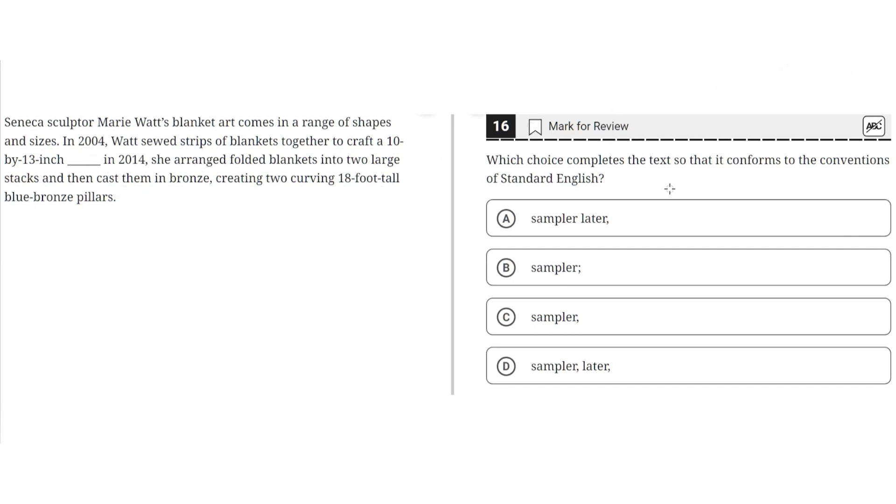Choice A says: sampler, later, comma. This is incorrect because a comma here would result in a comma splice, and later isn't a proper conjunction. This improperly connects the two independent clauses, so A is incorrect.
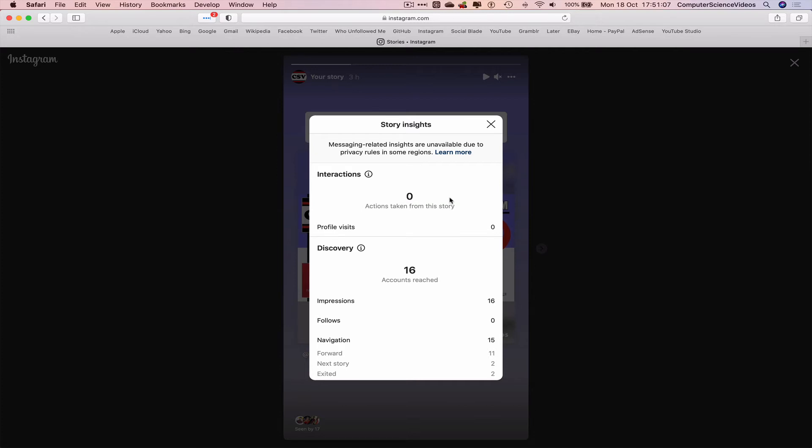This allows us to analyze the interactions and discovery of the story itself. You can take some time to analyze what's happening: profile visits you may have received, impressions, follows, navigations. This is a great way to see how your story is doing.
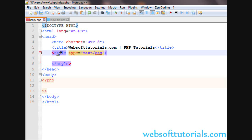Hi guys, this is Rishabh Kapoor from websofttutorials.com. In this video we will talk about substring and string shuffle functions in PHP.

********************

• WORK INSTRUCTIONS: Would it be possible to reproduce the material word for word, images omitted?

• EXERCISE RESPONSE:
Choice A says: sampler, later, comma. This is incorrect because a comma here would result in a comma splice, and later isn't a proper conjunction. This improperly connects the two independent clauses, so A is incorrect.
This allows us to analyze the interactions and discovery of the story itself. You can take some time to analyze what's happening: profile visits you may have received, impressions, follows, navigations. This is a great way to see how your story is doing.
Hi guys, this is Rishabh Kapoor from websofttutorials.com. In this video we will talk about substring and string shuffle functions in PHP.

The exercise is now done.